Friday, December 21, 2007
Access the opinion here. Chandler begins:
In classical mythology, it took a demigod to subdue Cerberus, the beastly three-headed dog that guarded the gates of the underworld.1 In his twelfth and final labor, Heracles2 journeyed to Hades to battle, tame, and capture the monstrous creature. In this case, plaintiff United Rentals, Inc. journeyed to Delaware to conquer a more modern obstacle that, rather than guards the gates to the afterlife, stands in the way of the consummation of a merger. Nevertheless, like the three heads of the mythological Cerberus, the private equity firm of the same name presents three substantial challenges to plaintiff’s case: (1) the language of the Merger Agreement, (2) evidence of the negotiations between the parties, and (3) a doctrine of contract interpretation known as the forthright negotiator principle. In this tale the three heads prove too much to overcome.

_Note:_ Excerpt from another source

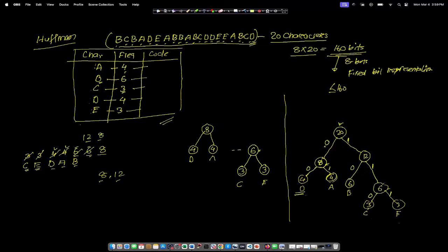To create the code for D, we start from the root 20. D is on the left side of 20, so it is 0. Then from 8, it is towards the left again, so 0, 0. The code for D is 00. For A, starting from 20: 0 then 1, so the code for A is 01. Code for B is 10 — going right from 20 to 12, then left. For C, it is 1, 1, 0. And for E, it is 1, 1, 1.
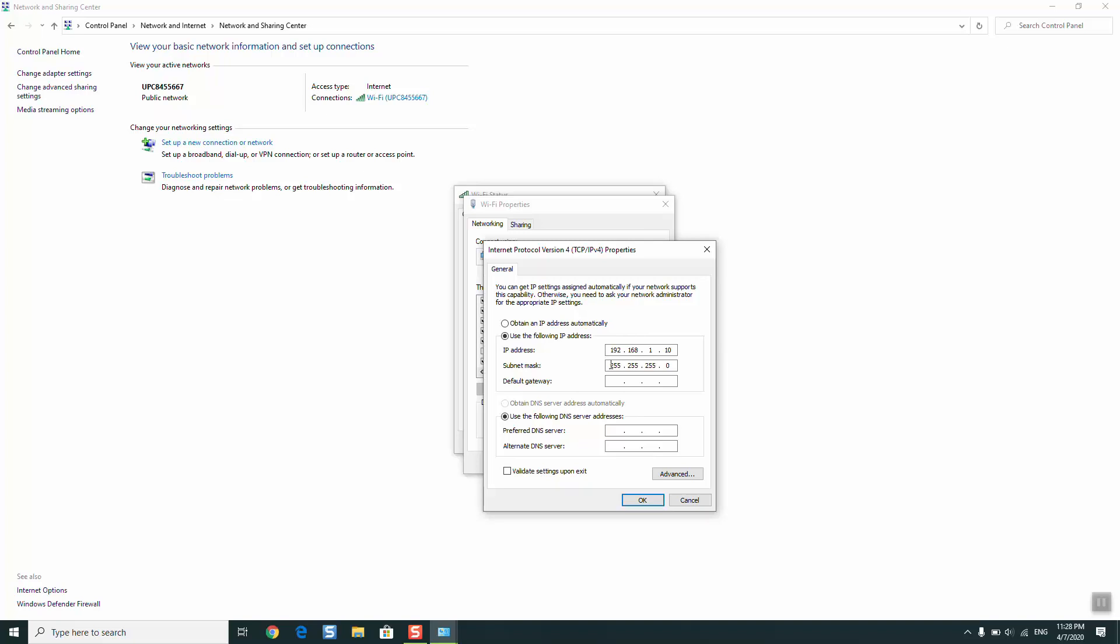In the second line, the subnet mask, make sure to put exactly 255.255.255.0 so that your internet works.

the dispute between URI and Cerberus is a good, old-fashioned contract case prompted by buyer’s remorse . . . .As with many contract disputes, hindsight affords the Court a perspective from which it is clear that this case could have been avoided: if Cerberus had simply deleted section 9.10(b), the contract would not be ambiguous, and URI would not have filed this suit. The law of contracts, however, does not require parties to choose optimally clear language; in fact, parties often riddle their agreements with a certain amount of ambiguity in order to reach a compromise. Although the language in this Merger Agreement remains ambiguous, the understanding of the parties does not. One may plausibly upbraid Cerberus for walking away from this deal, for favoring their lenders over their targets, or for suboptimal contract editing, but one cannot reasonably criticize the firm for a failure to represent its understanding of the limitations on remedies provided by this Merger Agreement. From the beginning of the process, Cerberus and its attorneys have aggressively negotiated this contract, and along the way they have communicated their intentions and understandings to URI. Despite the Herculean efforts of its litigation counsel . . . . Indeed, defendants have admitted that they have breached the Merger Agreement and seek no protection from the Agreement’s MAC clause. . . . . URI could not overcome the apparent lack of communication of its intentions and understandings to defendants. Even if URI’s deal attorneys did not affirmatively and explicitly agree to the limitation on specific performance as several witnesses allege they did on multiple occasions, no testimony at trial rebutted the inference that I must reasonably draw from the evidence: by July 22, 2007, URI knew or should have known what Cerberus’s understanding of the Merger Agreement was, and if URI disagreed with that understanding, it had an affirmative duty to clarify its position in the face of an ambiguous contract with glaringly conflicting provisions. Because it has failed to meet its burden of demonstrating that the common understanding of the parties permitted specific performance of the Merger Agreement, URI’s petition for specific performance is denied.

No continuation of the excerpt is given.